→ **EXERCISE DATA**

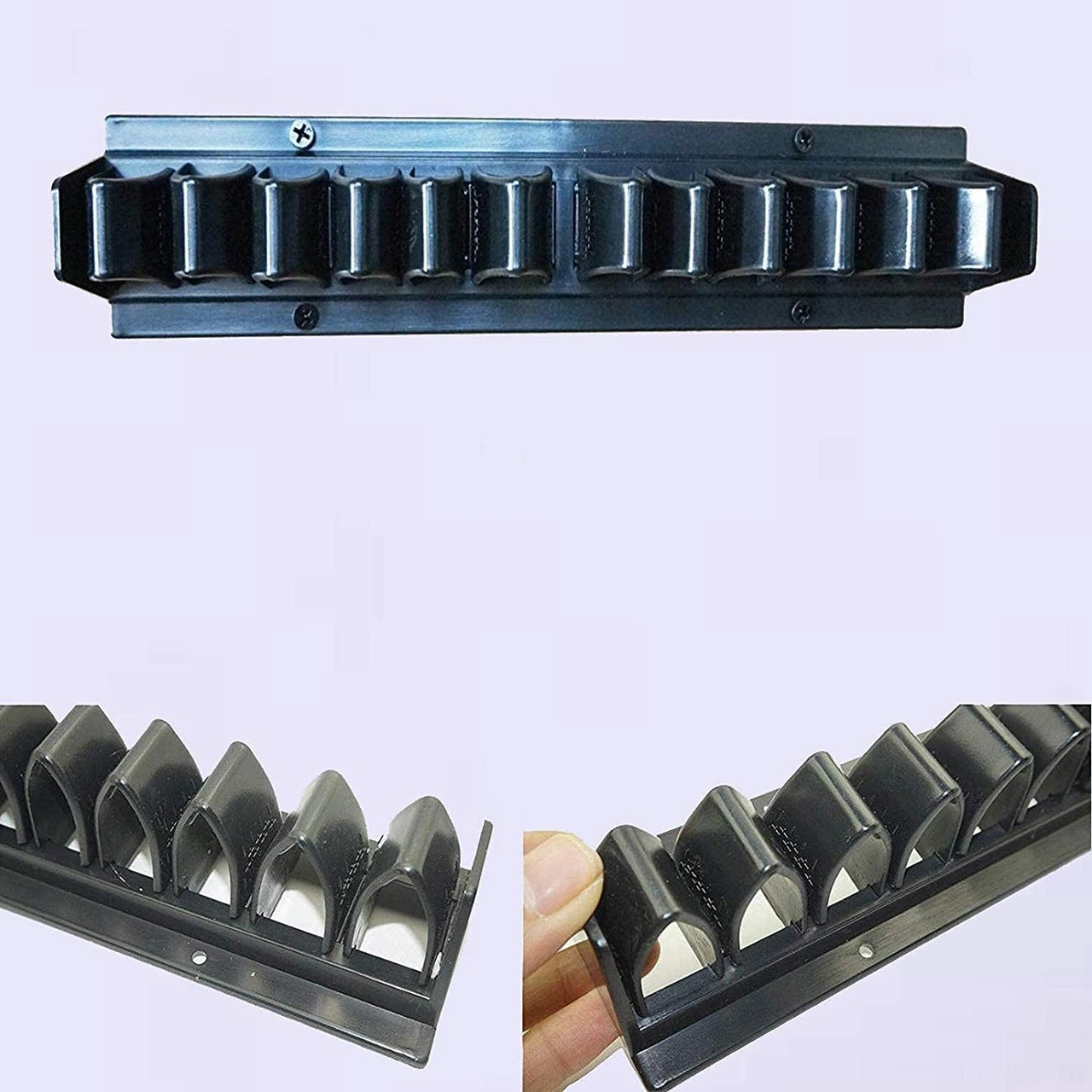 Yaleker Siyah Plastik Büyücülük Asa Serim Rakımı - 10 Adet Asa Tutabilir Koleksiyon Gösterici Montaj Vidalari Dahil Siyah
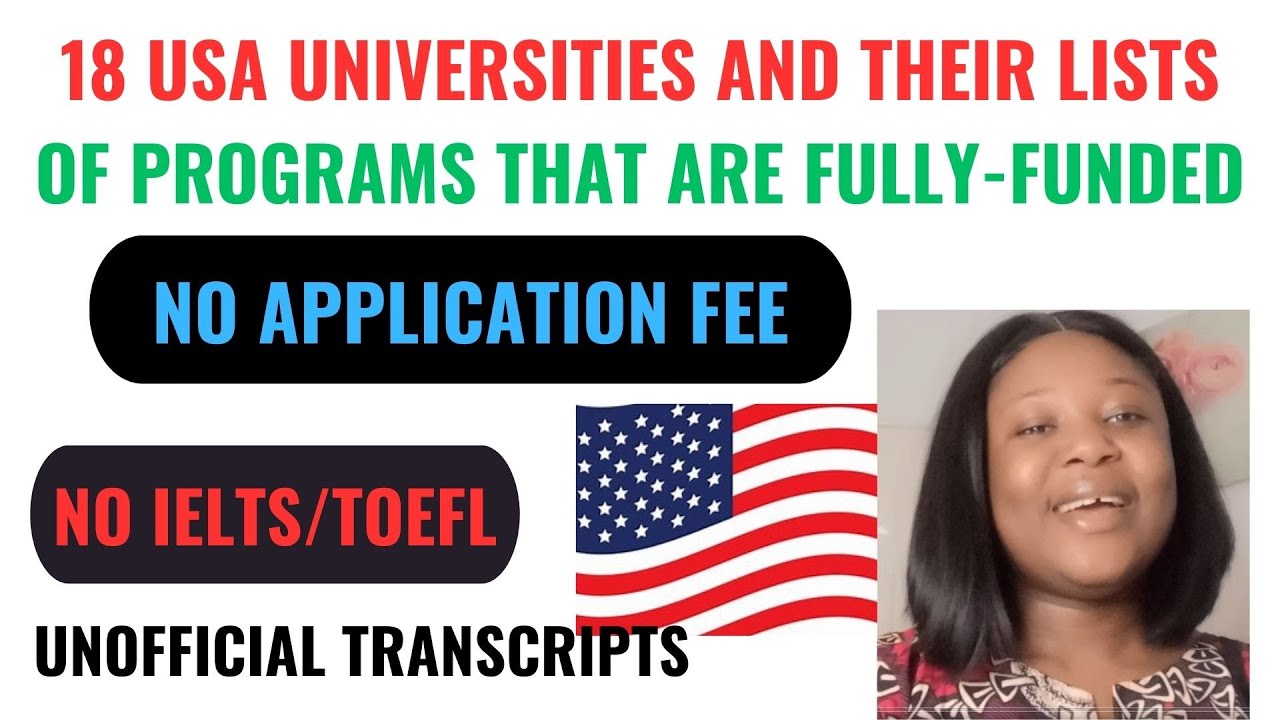 18 USA Universities With Their List of Programs That Are Fully-Funded. A Must Watch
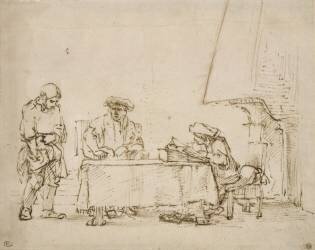 La Parabole des Talents (Rembrandt) - Muzeo.com
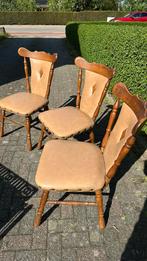 stoelen te koop (3 stuks), Ophalen, Gebruikt, Bruin, Drie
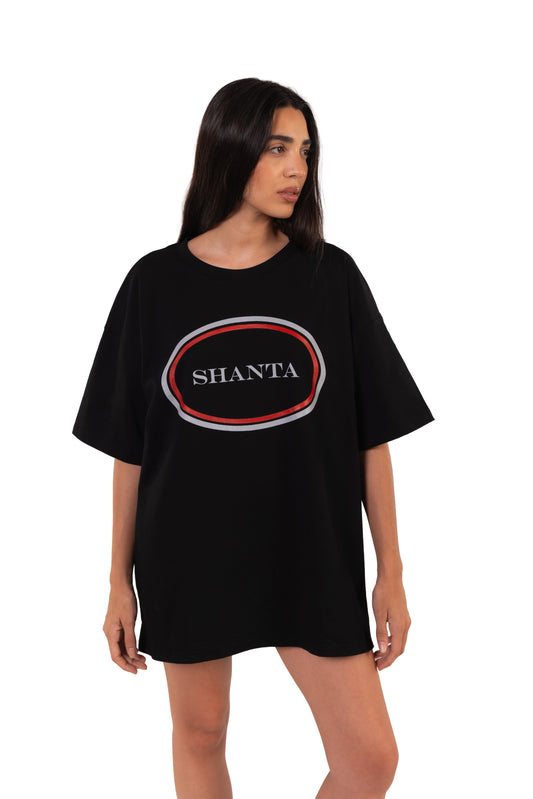 CIRCLE LOGO BLACK TEE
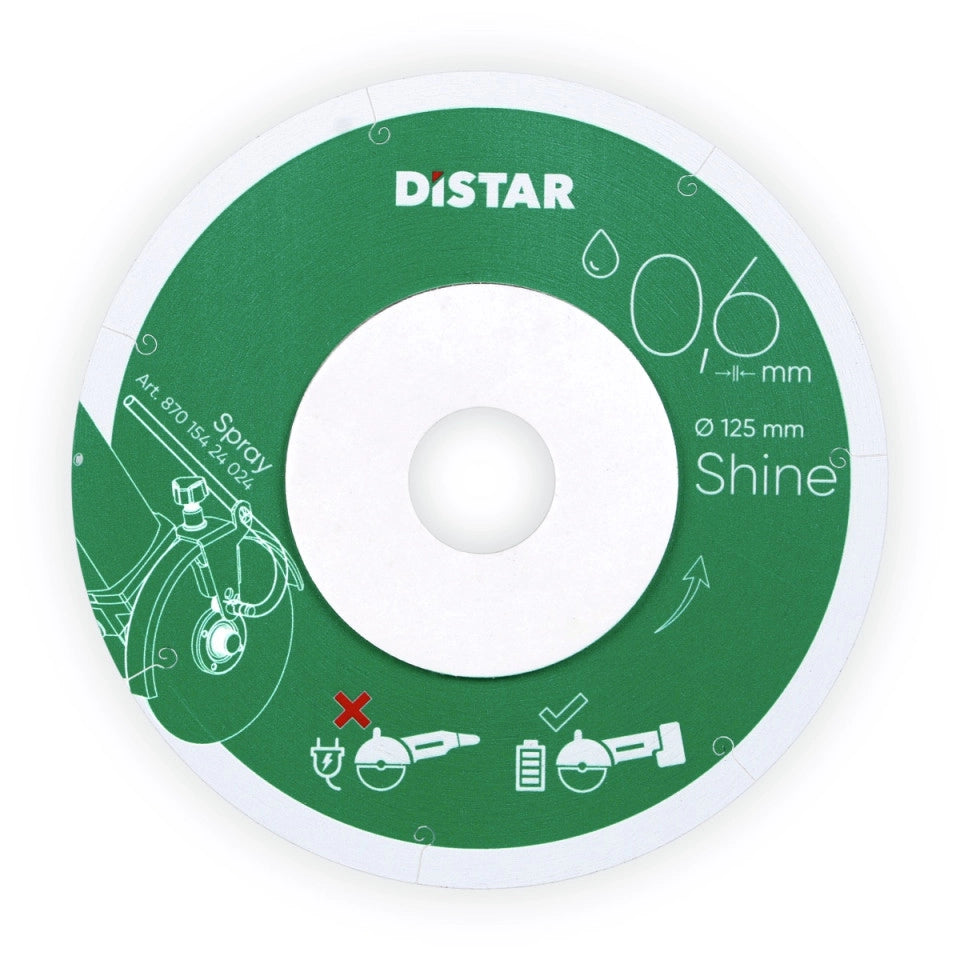 DIAMANTTRENNSCHEIBE 1A1R 100-125X0,6X6X22,23 SHINE – 11127457030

→ **REQUIRED ACTION**
Word for word, write out the full listing, leaving the pictures aside.

→ **EXPECTED OUTPUT**
 Yaleker Siyah Plastik Büyücülük Asa Serim Rakımı - 10 Adet Asa Tutabilir Koleksiyon Gösterici Montaj Vidalari Dahil Siyah
 18 USA Universities With Their List of Programs That Are Fully-Funded. A Must Watch
 La Parabole des Talents (Rembrandt) - Muzeo.com
 stoelen te koop (3 stuks), Ophalen, Gebruikt, Bruin, Drie
 CIRCLE LOGO BLACK TEE
 DIAMANTTRENNSCHEIBE 1A1R 100-125X0,6X6X22,23 SHINE – 11127457030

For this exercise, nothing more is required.